Nature is thought to have a profound effect on our mental and physical wellbeing and is vital for children’s development. But our busy modern lives mean that many of us are more cut off from it than ever before. Whilst we’re all guilty of making use of the digital nanny when we’re busy or tired, here are reasons why it’s important to make some time to step outside…

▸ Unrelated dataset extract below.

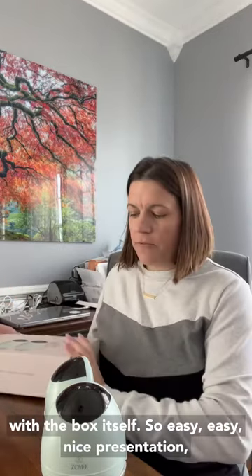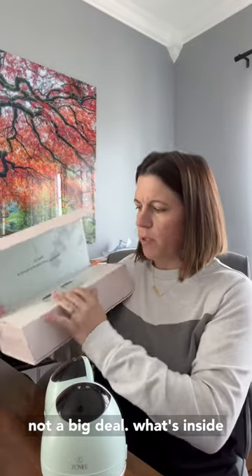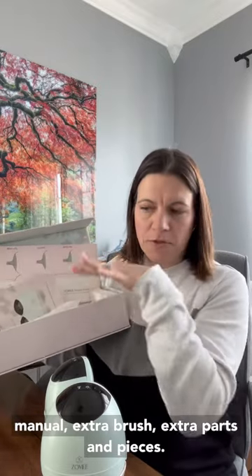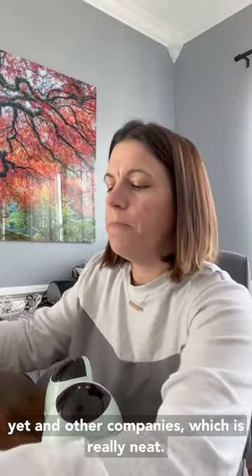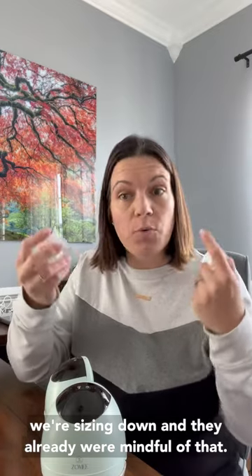Let's start with the box itself. Easy, nice presentation — not a big deal. What's inside really matters. It comes with a sizing tool, manual, extra brush, extra parts and pieces. One thing that Zomi Fit does that I have not seen yet in other companies, which is really neat — it comes with inserts. Generally speaking, you get your pump and you're either a 24, 27, or 28. How many times are you really a 27 or 28? Generally we're sizing down, and they were already mindful of that. So we've got 21s and 17s, which is really excellent — you have to give them credit for that.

Nurturing their mental health
We all know that there is such a thing as too much screen time. Overdosing on phones, tablets and TV (Netflix, we’re looking at you!) can have a huge affect on our sleep patterns and our moods. So it’s not surprising that it can be detrimental for little ones’ cognitive, social, emotional, and behavioural development.
But the really good news is that the more time we spend with children outside in nature (and away from screens) the more we can help to avoid speech delays, anxiety, and other mental health concerns.
Little ones might say they prefer to sit on the sofa watching Peppa Pig than go outside, but nature stimulates more senses than the TV. You can see, hear, touch, and smell outdoor environments, which makes a huge impact on positive mental health.
Strengthening physical development
Another great reason to get outdoors is that it can encourage gross motor skills, eye-hand coordination, and help to prevent childhood obesity.
There’s lots of ways to have fun together outside (even if you don’t have a sporty bone in your body!). If you’re lucky enough to have a garden, try planting seeds or creating a nature trail. If you’re close to the countryside, go for a walk in the woods, or ride bikes. If you live in the city, find your local park or playground. Let them know they can run around, jump in puddles and get as messy as they like.
Encouraging creativity and imagination
The freedom that kids can get from running around outside allows them to take a more inventive approach to play and to think more freely. Designing their own activities and making up games that are much less structured than indoor activities is also really good for boosting their confidence.
Creating some calm
If you’re house-bound with an unsettled baby, or in the middle of a dreaded toddler melt-down, just a 10-minute walk outside can help to reduce stress and improve everyone’s mood.
If the sun is shining, you get the added benefit of getting some much needed vitamin D, as many of us are deficient in this essential vitamin. Just make sure the little ones are protected from any harsh rays.
For more inspiration, Angela Spencer’s book, Babyopathy, makes for some interesting and informative reading. Continuously refined from the work she has done in her children’s nurseries, it teaches a sensory based baby-led development programme with its basis in the biophilia hypothesis (our in-built connection to nature).
With many years of experience behind her in this field (she was named one of the Top 10 Most Influential in Childcare in 2017), Spencer’s aim is to nurture little ones’ complete wellbeing and natural development through sensory and holistic activities.